We know startTime and endTime are strings that represent a date and a time. Working with strings for this is very annoying.

Solution

Using the famous Ecto library we can transform those values to Elixir DateTime type.

This has been prototyped and it is working!

Pattern matching

Elixir works hardly with Pattern Matching, especially to define functions.

Problem

f we use plain Map, which are the equivalent to Javascript JSON, the pattern matching is almost impossible. The reason is we don't have anything in the object that is mandatory. Even "id" and "type" fields are optional. And "type" field is an array, which makes even harder to "pattern match":

def my_function(%{type: "Note"}) do
  do_stuff()
end

The above function does not match with the following maps:

%{
    type: ["Note"]
}
%{
    type: ["ExtendedType", "Note"]
}

Because the "type" could be in any position of the array is impossible to pattern match.

Other times we want to pattern match by type, like Object, Actor or Activity. AP defines the following activities:

  • Accept
  • Add
  • Announce
  • Arrive
  • Block
  • Create
  • Delete
  • Dislike
  • Flag
  • Follow
  • Ignore
  • Invite
  • Join
  • Leave
  • Like
  • Listen
  • Move
  • Offer
  • Question
  • Reject
  • Read
  • Remove
  • TentativeReject
  • TentativeAccept
  • Travel
  • Undo
  • Update
  • View

It would be very nice to have something like:

def my_function(s, w) when ActivityPub.is_actor(s) and ActivityPub.is_object(w)

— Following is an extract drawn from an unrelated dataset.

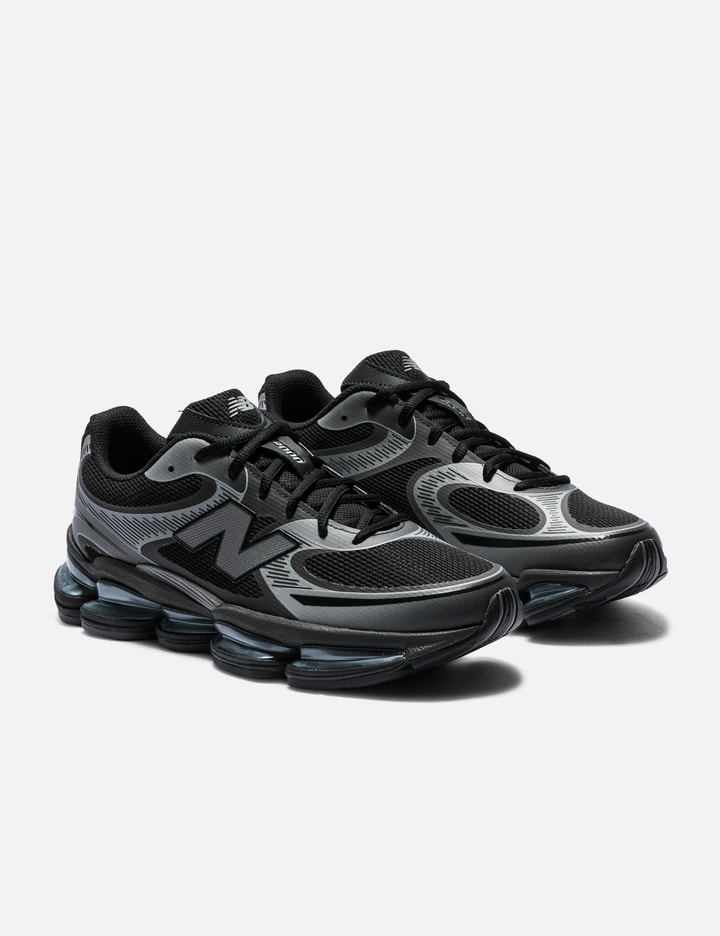 New Balance 2000 Mesh Low-top Sneakers In Black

This way we defined a function which only works when the first argument is an Actor and the second any AP Object.

Solution

We are already using the Ecto library to parsing values. We can also create schemas for each type of Object. Most of the objects will have the same fields. To avoid too much code duplication we can just use some macros, something like:

# This is the internal code of the ActivityPub library

defmodule ActivityPub.Note do
  use ActivityPub.Object
end

defmodule ActivityPub.Image do
  use ActivityPub.Object
end

...

defmodule ActivityPub.Create do
  use ActivityPub.Activity
end

defmodule ActivityPub.Delete do
  use ActivityPub.Activity
end

...

And now, we can define functions using those structs:

# This is code can be used in both side, generic library or maybe target app

def parse_object(%Note{}=note) do
  do_note_stuff()
end

def parse_object(%Image{} = image) do
  do_image_stuff()
end

def parse_object(other_object) when ActivityPub.is_object(other_object) do
  do_generic_stuff()
end

def persist_activity(%Create{} = create) do
  do_create_stuff()
end

def persist_activity(%Delete{} = delete) do
  do_delete_stuff()
end

def persist_actiivty(activity) when ActivityPub.is_activity(activity) do
  do_generic_activity_stuff()
end

Prototype

This is kind of implemented in the prototype but it can be improved a lot.

Extension [New Types]

Problem

AP says that new types of object can be defined and the implementation should not stop parsing when this happens. This means if we receive:

{
    "type": "MoodleNetComment",
    ...
}

The app should work correctly.

Solution

To extend for a new type we should do two things. First, to define the module for the new type, the code will be similar to the ActivityPub generic library:

defmodule MoodleNet.Comment do
  use ActivityPub.Object
  extra_field :comment_type, :string
end

We also defined a new field comment_type for this new type.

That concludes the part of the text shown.